The problem is the data are imported in R in textual string and therefor they need some processing before we can actually use them.
Before starting importing data from the web however, we are going to download and import a shapefile with the borders of all the countries in the world from this page: thematicmapping.org
The code for doing it is the following:
download.file("http://thematicmapping.org/downloads/TM_WORLD_BORDERS_SIMPL-0.3.zip",destfile="TM_WORLD_BORDERS_SIMPL-0.3.zip") unzip("TM_WORLD_BORDERS_SIMPL-0.3.zip",exdir=getwd()) polygons <- shapefile("TM_WORLD_BORDERS_SIMPL-0.3.shp")
In the first line we use the function download.file to download the zip containing the shapefile. Here we need to specify the destination, which I called with the same name of the object.
At this point we have downloaded a zip file in the working directory, so we need to extract its contents. We can do that using unzip, which require as arguments the name of the zip file and the directory where to extract its contents, in this case I used getwd() to extract everything in the working directory.
Finally we can open the shapefile using the function with the same name, creating the object polygons, which looks like this:
> polygons class : SpatialPolygonsDataFrame features : 246 extent : -180, 180, -90, 83.57027 (xmin, xmax, ymin, ymax) coord. ref. : +proj=longlat +datum=WGS84 +no_defs variables : 11 names : FIPS, ISO2, ISO3, UN, NAME, AREA, POP2005, REGION, SUBREGION, LON, LAT min values : AA, AD, ABW, 4, Ã…land Islands, 0, 0, 0, 0, -102.535, -10.444 max values : ZI, ZW, ZWE, 894, Zimbabwe, 1638094, 1312978855, 150, 155, 179.219, 78.830
As you can see from the column NAME, some country names are not well read in R and this is something that we would need to correct later on in the exercise.
At this point we can start downloading economic data from the web pages of The World Bank.
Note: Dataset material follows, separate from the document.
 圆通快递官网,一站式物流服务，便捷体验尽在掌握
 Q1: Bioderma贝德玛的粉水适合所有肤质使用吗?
An example of the type of data and the page we are going to query is here: http://data.worldbank.org/indicator/EN.ATM.CO2E.PC
For this exrcise we are going to download the following data: CO2 emissions (metric tons per capita), Population in urban agglomerations of more than 1 million, Population density (people per sq. km of land area), Population in largest city, GDP per capita (current US$), GDP (current US$), Adjusted net national income per capita (current US$), Adjusted net national income (current US$), Electric power consumption (kWh per capita), Electric power consumption (kWh), Electricity production (kWh).
The line of code to import this page into R is the following:
CO2_emissions_Tons.per.Capita_HTML <- readHTMLTable("http://data.worldbank.org/indicator/EN.ATM.CO2E.PC")
The object CO2_emissions_Tons.per.Capita_HTML is a list containing two elements:
> str(CO2_emissions_Tons.per.Capita_HTML) List of 2 $ NULL:'data.frame': 213 obs. of 4 variables: ..$ Country name : Factor w/ 213 levels "Afghanistan",..: 1 2 3 4 5 6 7 8 9 10 ... ..$ 2010 : Factor w/ 93 levels "","0.0","0.1",..: 5 16 52 1 77 17 73 63 15 50 ... ..$ : Factor w/ 1 level "": 1 1 1 1 1 1 1 1 1 1 ... ..$ : Factor w/ 1 level "": 1 1 1 1 1 1 1 1 1 1 ... $ NULL:'data.frame': 10 obs. of 2 variables: ..$ V1: Factor w/ 10 levels "Agriculture & Rural Development",..: 1 2 3 4 5 6 7 8 9 10 ..$ V2: Factor w/ 10 levels "Health","Infrastructure",..: 1 2 3 4 5 6 7 8 9 10
That is because at the very end of the page there is a list of topics that is also displayed using the tag <table>. For this reason if we want to import only the first table we need to subset the object like so:
CO2_emissions_Tons.per.Capita_HTML <- readHTMLTable("http://data.worldbank.org/indicator/EN.ATM.CO2E.PC")[[1]]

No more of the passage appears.